**Activity**
What you return must be exactly the lines running from the one with "Gantu Galactic Federation" to the end of the data below, inclusive, and nothing more.
── Source information ──
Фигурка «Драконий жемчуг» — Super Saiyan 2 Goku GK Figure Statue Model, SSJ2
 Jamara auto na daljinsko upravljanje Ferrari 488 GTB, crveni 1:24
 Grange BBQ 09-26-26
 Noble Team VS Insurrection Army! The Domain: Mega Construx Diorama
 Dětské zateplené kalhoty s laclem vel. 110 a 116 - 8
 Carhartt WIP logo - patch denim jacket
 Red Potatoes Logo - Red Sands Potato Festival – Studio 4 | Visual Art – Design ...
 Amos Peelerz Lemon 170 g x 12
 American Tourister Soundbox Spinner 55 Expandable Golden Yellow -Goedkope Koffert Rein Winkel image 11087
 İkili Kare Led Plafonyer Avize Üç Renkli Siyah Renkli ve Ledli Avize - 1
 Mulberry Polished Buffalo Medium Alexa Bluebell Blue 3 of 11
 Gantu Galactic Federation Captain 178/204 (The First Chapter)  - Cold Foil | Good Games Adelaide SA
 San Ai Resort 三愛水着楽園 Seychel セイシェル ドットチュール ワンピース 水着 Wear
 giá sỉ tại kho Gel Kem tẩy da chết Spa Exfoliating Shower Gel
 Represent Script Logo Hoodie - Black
───
**Answer to this task**
 Gantu Galactic Federation Captain 178/204 (The First Chapter)  - Cold Foil | Good Games Adelaide SA
 San Ai Resort 三愛水着楽園 Seychel セイシェル ドットチュール ワンピース 水着 Wear
 giá sỉ tại kho Gel Kem tẩy da chết Spa Exfoliating Shower Gel
 Represent Script Logo Hoodie - Black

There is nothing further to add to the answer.